— Exercise —
The entries that follow include a run beginning at the line with "Poster Mapa do" and ending at the line with "文艺水彩 新款定制靠垫抱枕绒布客厅卧室超柔毛绒双面飘窗抱枕"; restate that run word for word and leave the rest out.

───── Provided information ─────

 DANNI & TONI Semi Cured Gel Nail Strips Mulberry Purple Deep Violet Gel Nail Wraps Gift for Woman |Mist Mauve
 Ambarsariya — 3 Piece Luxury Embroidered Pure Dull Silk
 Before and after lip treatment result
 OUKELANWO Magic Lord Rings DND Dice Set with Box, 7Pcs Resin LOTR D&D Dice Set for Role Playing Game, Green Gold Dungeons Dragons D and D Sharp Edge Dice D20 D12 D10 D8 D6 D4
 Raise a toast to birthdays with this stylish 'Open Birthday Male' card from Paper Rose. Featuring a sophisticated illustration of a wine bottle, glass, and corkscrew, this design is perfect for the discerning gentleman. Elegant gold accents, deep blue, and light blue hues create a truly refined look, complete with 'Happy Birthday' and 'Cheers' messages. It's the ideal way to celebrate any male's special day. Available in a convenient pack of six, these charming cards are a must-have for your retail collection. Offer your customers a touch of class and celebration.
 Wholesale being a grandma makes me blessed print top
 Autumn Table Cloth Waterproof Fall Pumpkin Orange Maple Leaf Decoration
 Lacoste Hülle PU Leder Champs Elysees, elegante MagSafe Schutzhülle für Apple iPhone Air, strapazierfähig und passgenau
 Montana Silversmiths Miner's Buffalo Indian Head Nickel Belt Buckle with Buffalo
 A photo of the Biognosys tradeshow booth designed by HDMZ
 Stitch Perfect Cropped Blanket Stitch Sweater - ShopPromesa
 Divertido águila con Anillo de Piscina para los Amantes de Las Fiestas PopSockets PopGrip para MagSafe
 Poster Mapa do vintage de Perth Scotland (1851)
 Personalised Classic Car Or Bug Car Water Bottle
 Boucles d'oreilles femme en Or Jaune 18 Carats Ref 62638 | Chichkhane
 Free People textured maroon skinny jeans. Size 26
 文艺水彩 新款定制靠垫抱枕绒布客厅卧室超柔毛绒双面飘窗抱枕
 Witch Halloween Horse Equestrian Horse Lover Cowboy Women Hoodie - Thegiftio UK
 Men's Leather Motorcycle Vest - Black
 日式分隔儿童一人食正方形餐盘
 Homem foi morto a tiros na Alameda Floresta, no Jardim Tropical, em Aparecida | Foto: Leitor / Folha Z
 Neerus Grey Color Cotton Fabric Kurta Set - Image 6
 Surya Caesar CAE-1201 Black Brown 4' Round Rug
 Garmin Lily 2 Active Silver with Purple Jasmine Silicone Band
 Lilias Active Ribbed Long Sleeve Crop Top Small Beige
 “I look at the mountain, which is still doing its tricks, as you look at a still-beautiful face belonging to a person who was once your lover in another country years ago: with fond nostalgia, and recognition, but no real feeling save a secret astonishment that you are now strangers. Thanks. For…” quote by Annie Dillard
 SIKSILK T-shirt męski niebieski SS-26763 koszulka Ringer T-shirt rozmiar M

─────

— Response below —
 Poster Mapa do vintage de Perth Scotland (1851)
 Personalised Classic Car Or Bug Car Water Bottle
 Boucles d'oreilles femme en Or Jaune 18 Carats Ref 62638 | Chichkhane
 Free People textured maroon skinny jeans. Size 26
 文艺水彩 新款定制靠垫抱枕绒布客厅卧室超柔毛绒双面飘窗抱枕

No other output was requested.